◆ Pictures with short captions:
>>>
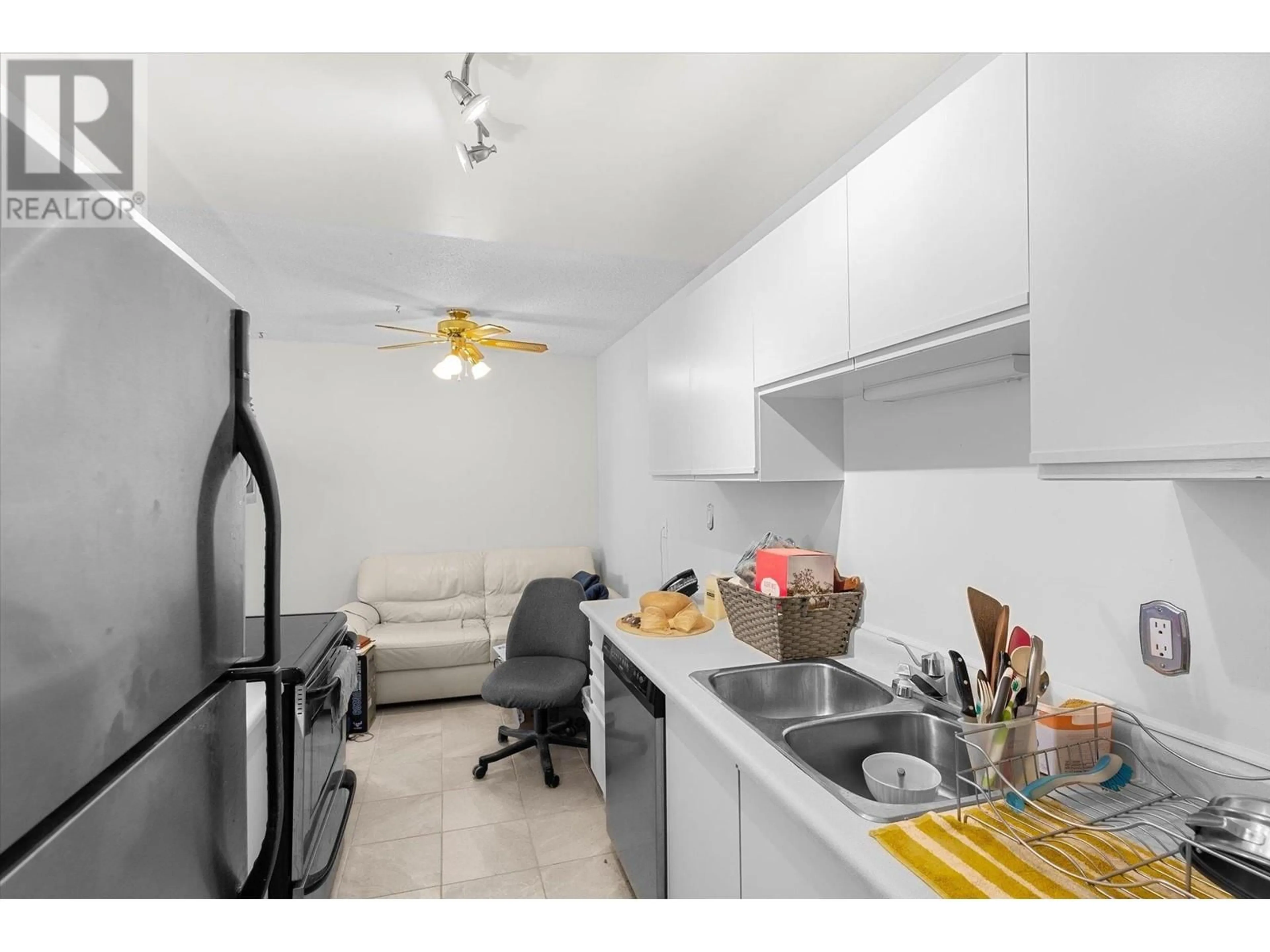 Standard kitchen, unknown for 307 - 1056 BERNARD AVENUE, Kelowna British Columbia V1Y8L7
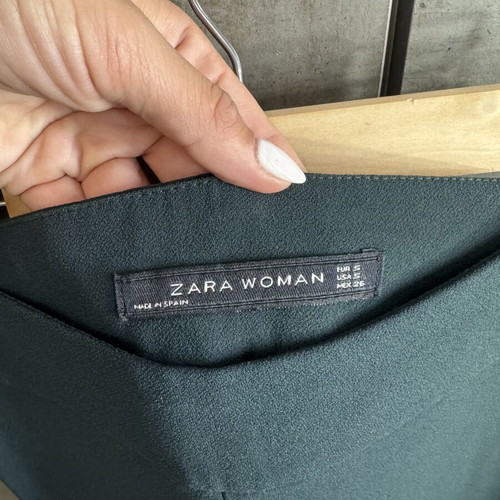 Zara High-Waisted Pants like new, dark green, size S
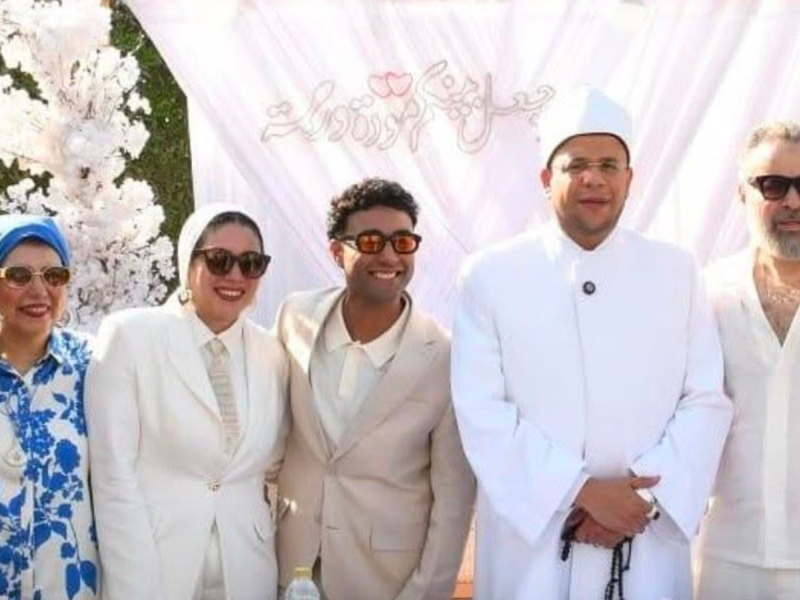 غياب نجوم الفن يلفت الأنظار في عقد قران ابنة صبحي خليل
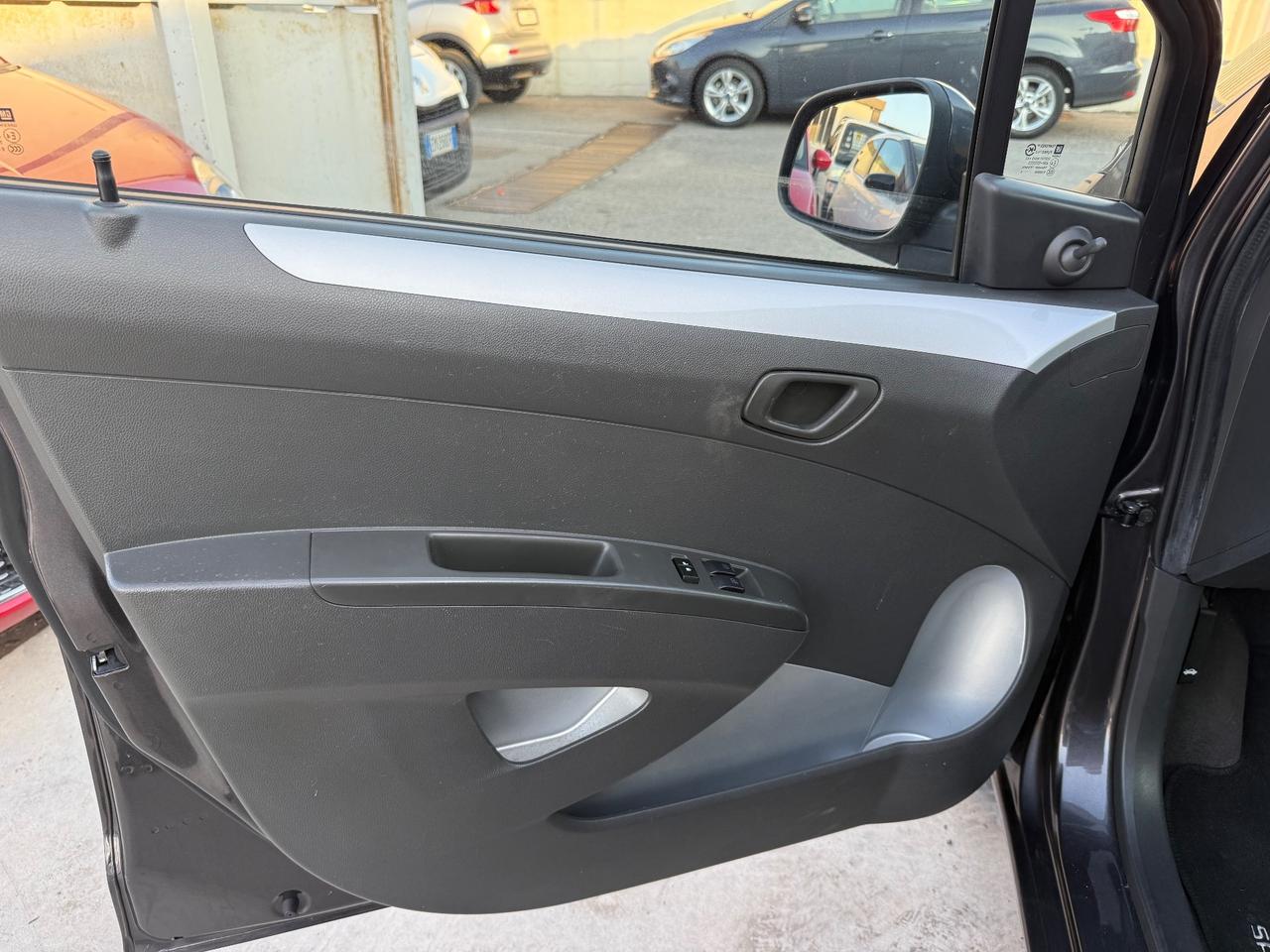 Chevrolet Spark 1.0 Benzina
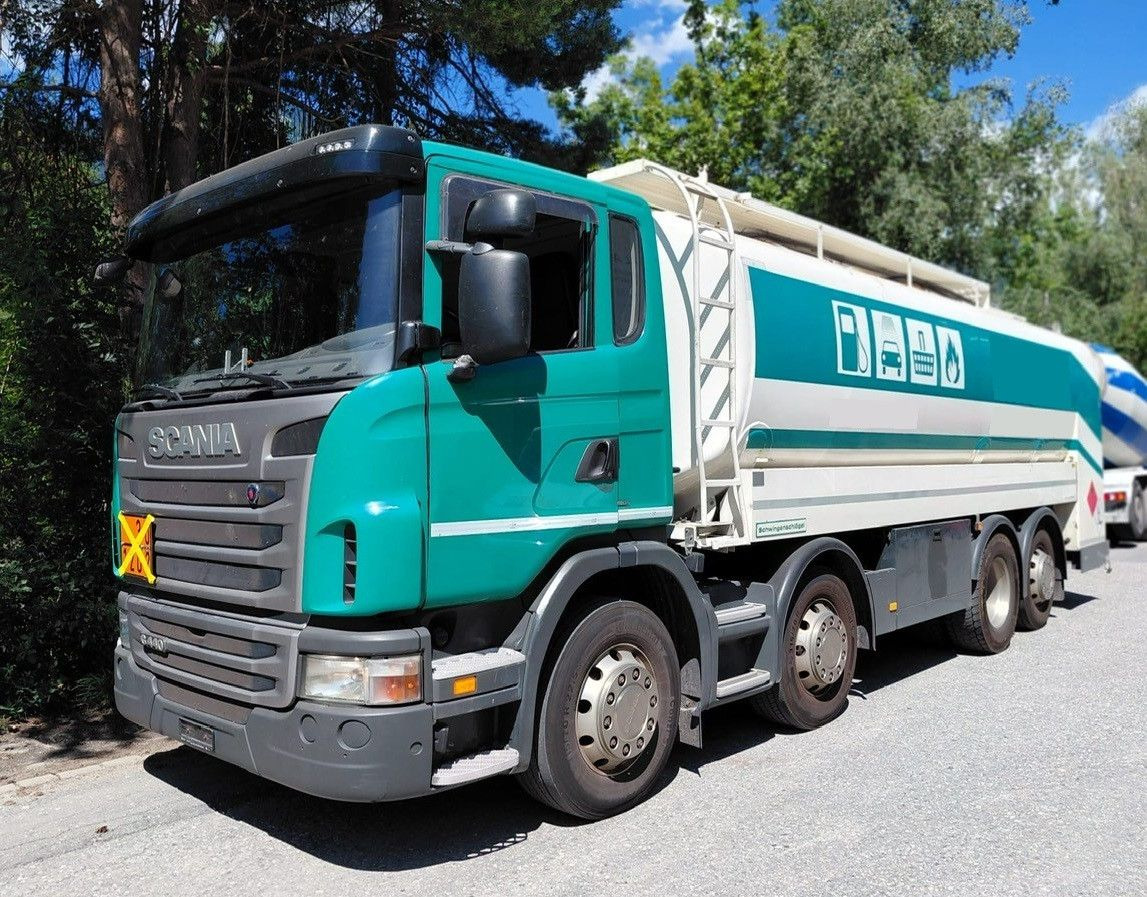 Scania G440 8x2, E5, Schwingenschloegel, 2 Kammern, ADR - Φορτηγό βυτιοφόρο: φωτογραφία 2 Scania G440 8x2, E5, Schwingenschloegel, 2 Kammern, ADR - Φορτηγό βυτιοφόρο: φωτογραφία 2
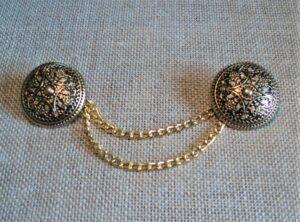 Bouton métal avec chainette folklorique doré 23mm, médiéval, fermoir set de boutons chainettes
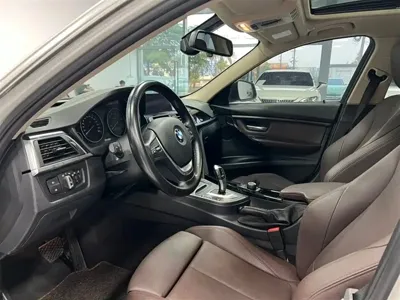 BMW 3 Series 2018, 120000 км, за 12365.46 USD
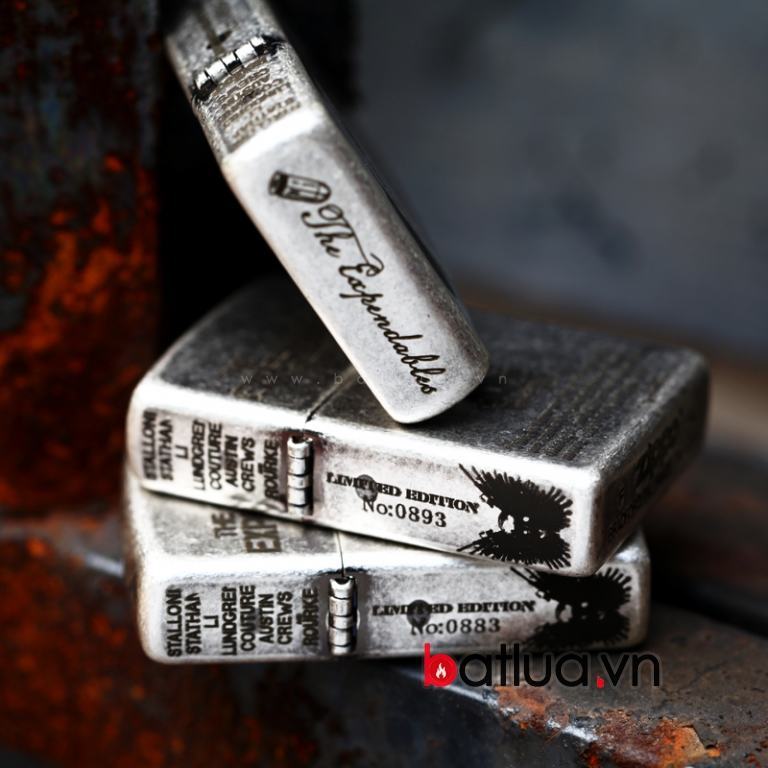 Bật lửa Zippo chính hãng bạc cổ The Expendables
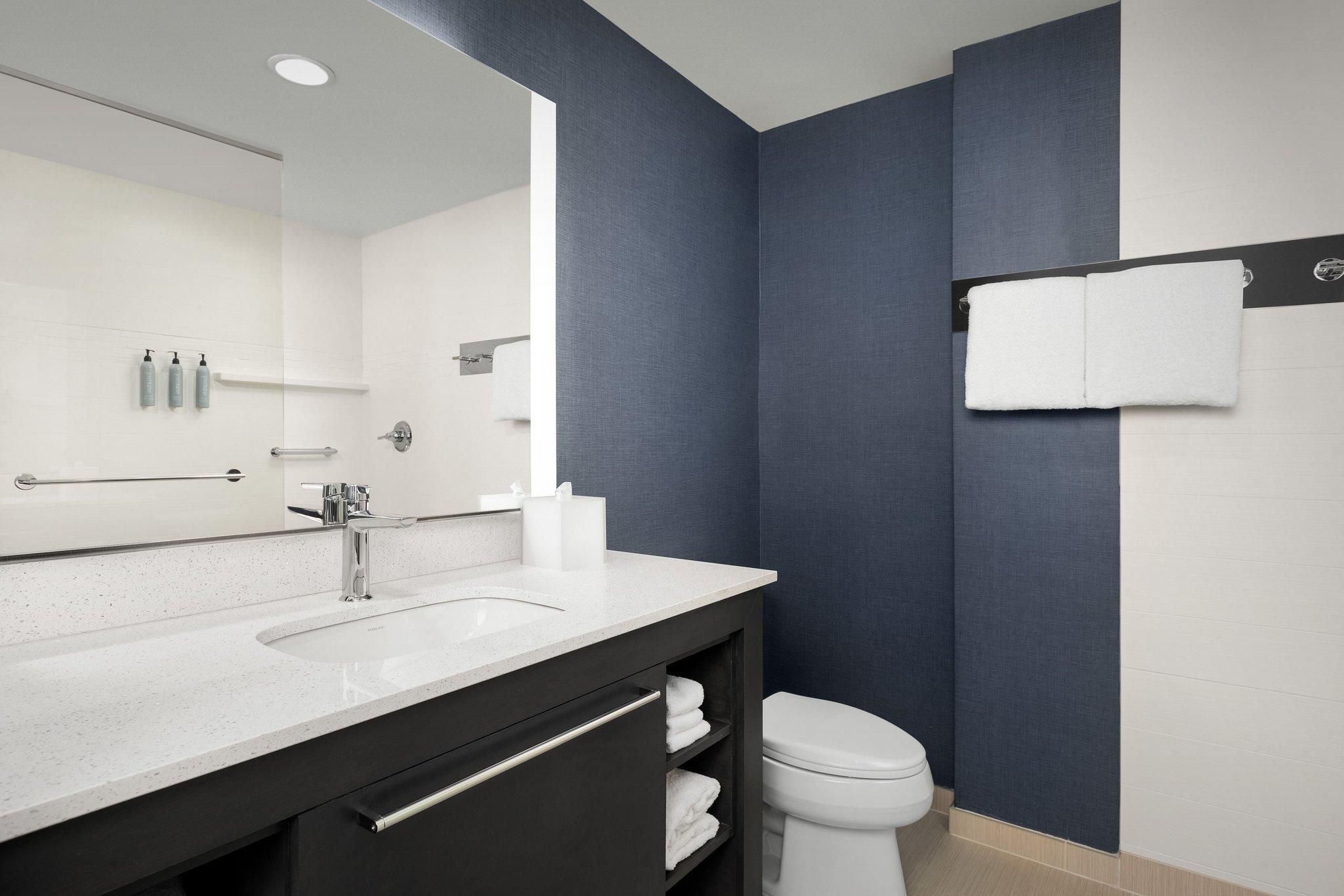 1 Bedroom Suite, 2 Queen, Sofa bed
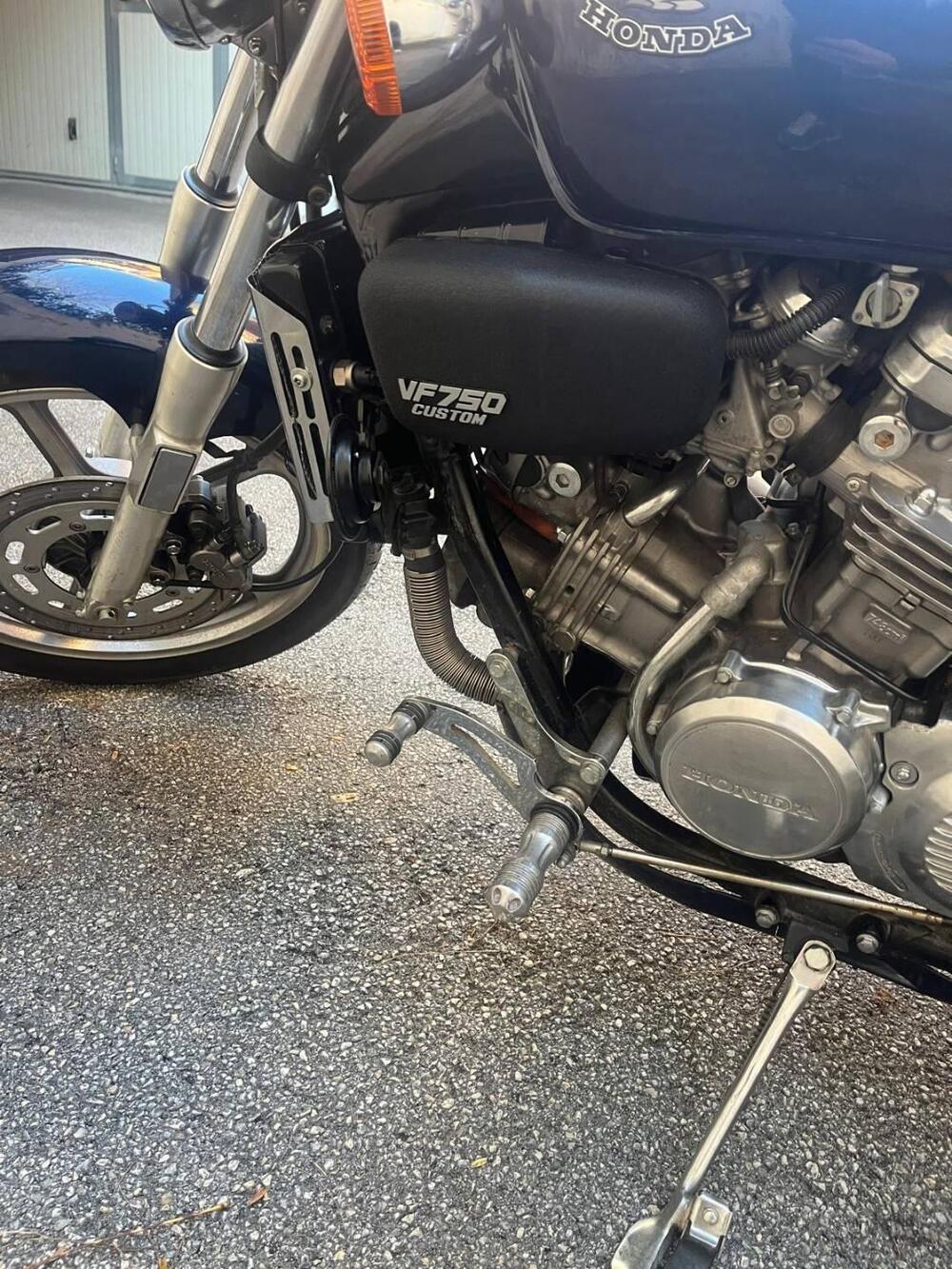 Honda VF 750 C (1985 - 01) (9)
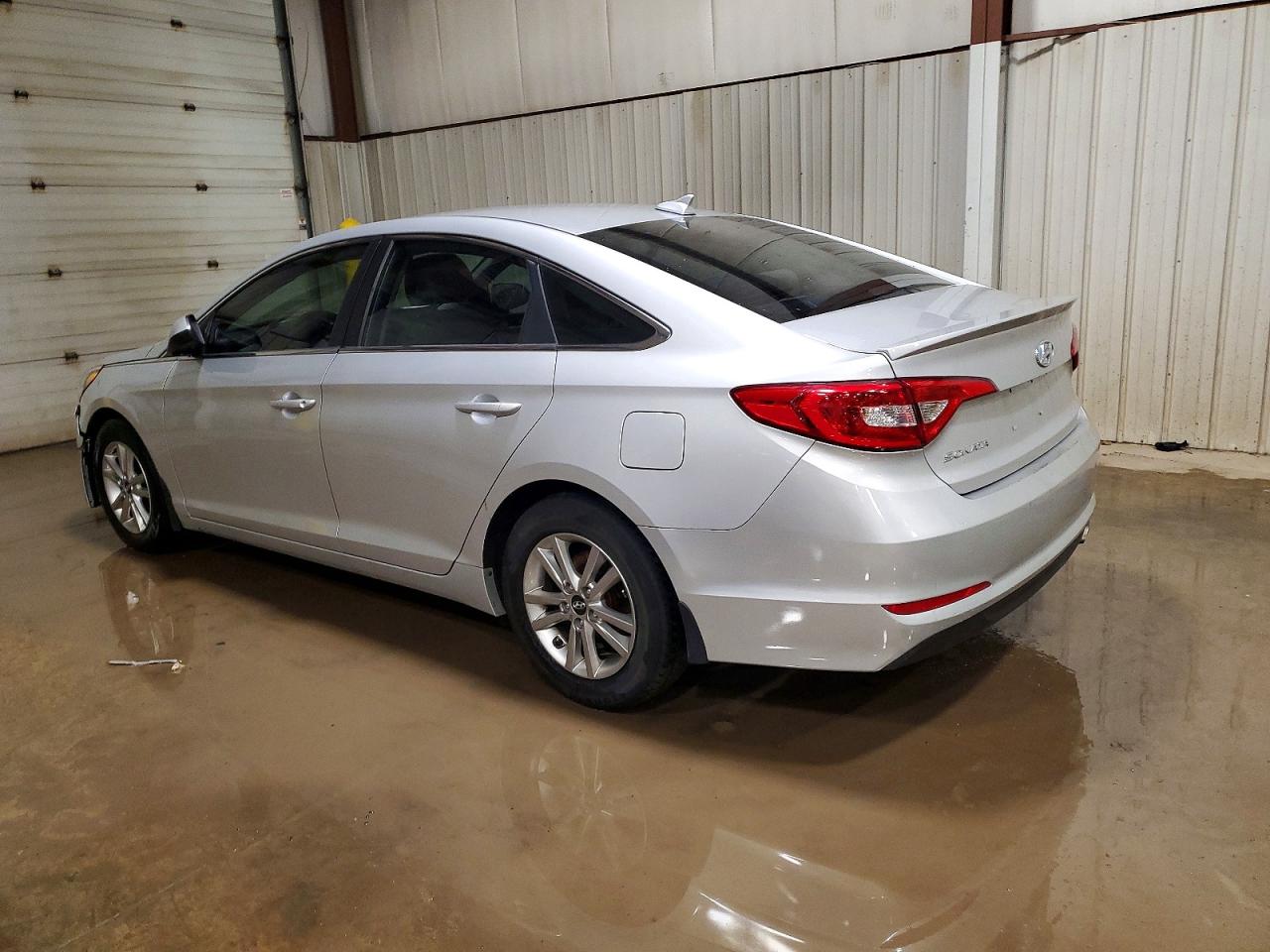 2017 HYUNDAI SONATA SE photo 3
<<<
◆ Assignment:
Omit the pictures and write out the lines above from the one with "Honda VF 750 C (1985 - 01) (9)" through the last, unchanged.

◆ Response below:
 Honda VF 750 C (1985 - 01) (9)
 2017 HYUNDAI SONATA SE photo 3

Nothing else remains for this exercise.